Exploratory Data Analysis - Laptops market
The objective of this project is to analyze laptops’ prices based on their components, using exploratory data analysis tools. An appropriate data cleaning and EDA allows us to build high quality models and understand market context:
library(tidyverse)
library(DataExplorer)
library(stringr)
library(ggplot2)
library(rpart)
library(rpart.plot)
library(ggthemes)
laptop_raw <- read.csv("laptop_price.csv")
str(laptop_raw)
## 'data.frame': 1303 obs. of 13 variables:
## $ laptop_ID : int 1 2 3 4 5 6 7 8 9 10 ...
## $ Company : chr "Apple" "Apple" "HP" "Apple" ...
## $ Product : chr "MacBook Pro" "Macbook Air" "250 G6" "MacBook Pro" ...
## $ TypeName : chr "Ultrabook" "Ultrabook" "Notebook" "Ultrabook" ...
## $ Inches : num 13.3 13.3 15.6 15.4 13.3 15.6 15.4 13.3 14 14 ...
## $ ScreenResolution: chr "IPS Panel Retina Display 2560x1600" "1440x900" "Full HD 1920x1080" "IPS Panel Retina Display 2880x1800" ...
## $ Cpu : chr "Intel Core i5 2.3GHz" "Intel Core i5 1.8GHz" "Intel Core i5 7200U 2.5GHz" "Intel Core i7 2.7GHz" ...
## $ Ram : chr "8GB" "8GB" "8GB" "16GB" ...
## $ Memory : chr "128GB SSD" "128GB Flash Storage" "256GB SSD" "512GB SSD" ...
## $ Gpu : chr "Intel Iris Plus Graphics 640" "Intel HD Graphics 6000" "Intel HD Graphics 620" "AMD Radeon Pro 455" ...
## $ OpSys : chr "macOS" "macOS" "No OS" "macOS" ...
## $ Weight : chr "1.37kg" "1.34kg" "1.86kg" "1.83kg" ...

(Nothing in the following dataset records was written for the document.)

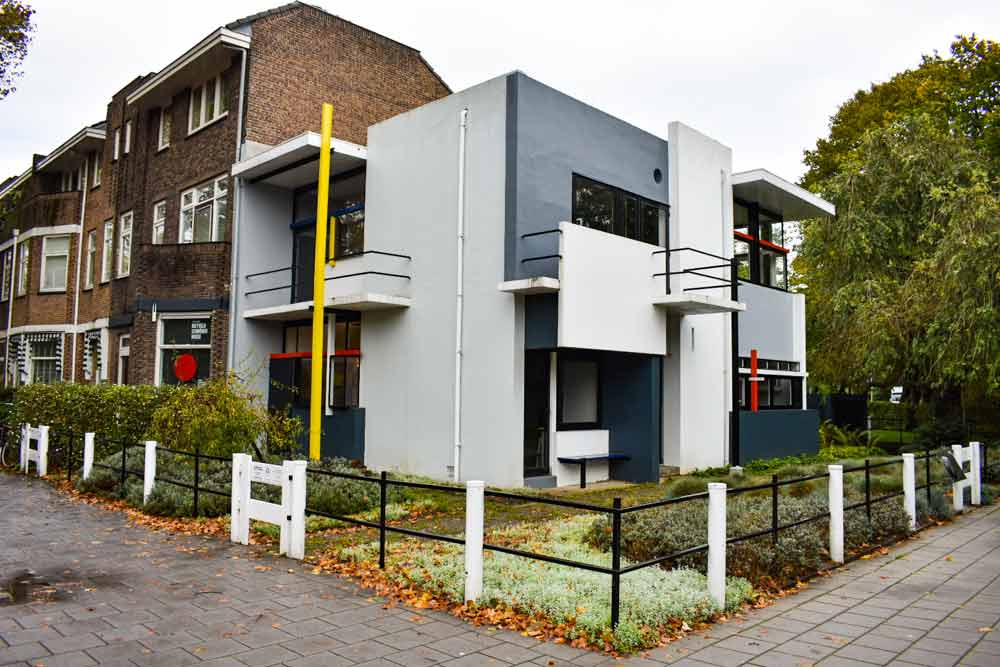 The Rietveld Schröderhuis is all flat surfaces in squares and rectangles. Two stories tall, made of concrete, painted in large areas of gray and white, with a few small vertical and horizontal elements in red and yellow. This view is from the corner, so two sides are visible, both with small balconies.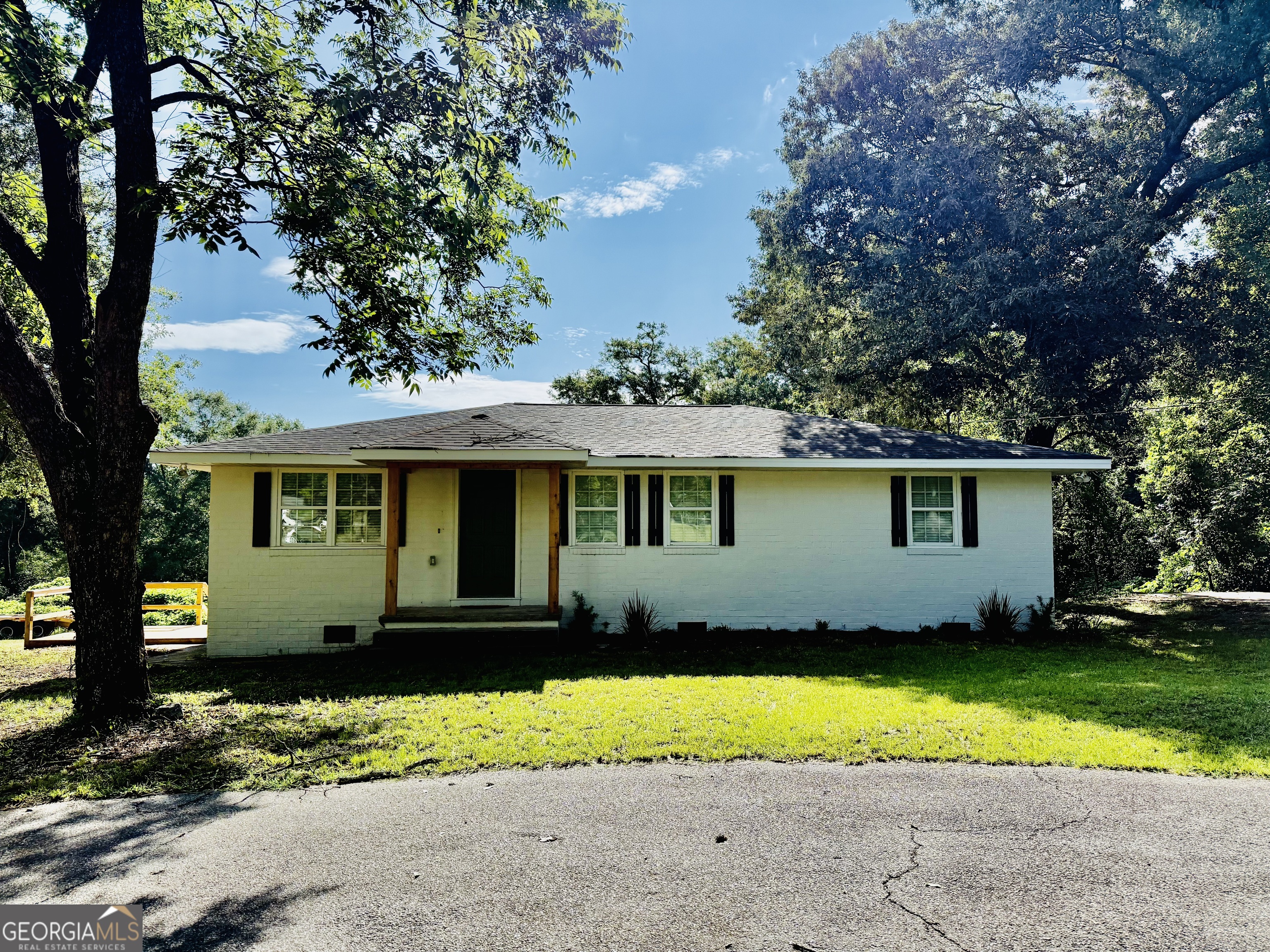 Almost Everything is New-and on 1.52 Acres in Centerville! Welcome home to this beautifully reimagined all-brick gem, completely remodeled from the studs out and move-in ready! Nestled on a generous 1.52-acre lot sprinkled with mature pecan and pear trees, this 3-bedroom, 2-bathroom home offers the perfect blend of modern upgrades and peaceful outdoor living. The home offers an airy, open feel with fresh paint inside and out, stunning new engineered hardwood flooring, and elegant tile in the bathrooms. No detail was overlooked-new electrical, new plumbing, new HVAC, and stylish lighting throughout elevate the entire space. The kitchen is truly the heart of the home, featuring custom-built cabinetry, granite countertops, a deep stainless steel sink, and brand-new stainless steel appliances. The primary suite is a private retreat with a gorgeous tiled walk-in shower. A brand-new washer/dryer combo is also included for added convenience. Don't miss the versatile walk-out basement with electricity-ideal for a workshop, home gym, or additional storage. A circular driveway enhances curb appeal and makes coming and going a breeze. Every inch of this home has been thoughtfully updated for both comfort and style. It's a rare opportunity to enjoy nearly new construction on acreage in the heart of Centerville!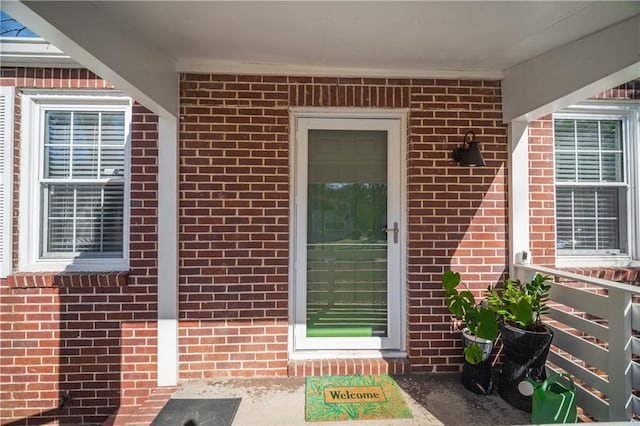 doorway to property with brick siding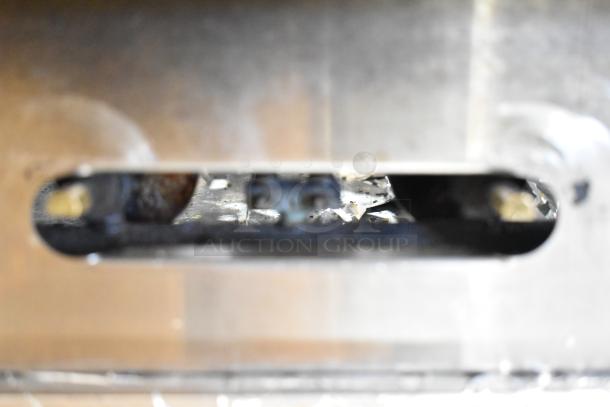 Close-up of the American Range Commercial 6 Burner Gas Range interior, showing wear and maintenance details.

## $ Price_euros : num 1340 899 575 2537 1804 ...
head(laptop_raw)
## laptop_ID Company Product TypeName Inches
## 1 1 Apple MacBook Pro Ultrabook 13.3
## 2 2 Apple Macbook Air Ultrabook 13.3
## 3 3 HP 250 G6 Notebook 15.6
## 4 4 Apple MacBook Pro Ultrabook 15.4
## 5 5 Apple MacBook Pro Ultrabook 13.3
## 6 6 Acer Aspire 3 Notebook 15.6
## ScreenResolution Cpu Ram
## 1 IPS Panel Retina Display 2560x1600 Intel Core i5 2.3GHz 8GB
## 2 1440x900 Intel Core i5 1.8GHz 8GB
## 3 Full HD 1920x1080 Intel Core i5 7200U 2.5GHz 8GB
## 4 IPS Panel Retina Display 2880x1800 Intel Core i7 2.7GHz 16GB
## 5 IPS Panel Retina Display 2560x1600 Intel Core i5 3.1GHz 8GB
## 6 1366x768 AMD A9-Series 9420 3GHz 4GB
## Memory Gpu OpSys Weight
## 1 128GB SSD Intel Iris Plus Graphics 640 macOS 1.37kg
## 2 128GB Flash Storage Intel HD Graphics 6000 macOS 1.34kg
## 3 256GB SSD Intel HD Graphics 620 No OS 1.86kg
## 4 512GB SSD AMD Radeon Pro 455 macOS 1.83kg
## 5 256GB SSD Intel Iris Plus Graphics 650 macOS 1.37kg
## 6 500GB HDD AMD Radeon R5 Windows 10 2.1kg
## Price_euros
## 1 1339.69
## 2 898.94
## 3 575.00
## 4 2537.45
## 5 1803.60
## 6 400.00
Our original file contains around 1303 records, described in 13 variables. The variables are listed below, the majority are categorical. Our target variable in this project is “price_euros”.
- laptop_ID
- Company
- Product
- TypeName
- Inches
- ScreenResolution
- Cpu
- Ram
- Memory
- Gpu
- OpSys
- Weight
- Price_euros
Data preprocessing
I applied some techniques to check the quality of the data and make the necessary transformations:
- The are no missing values in our dataset.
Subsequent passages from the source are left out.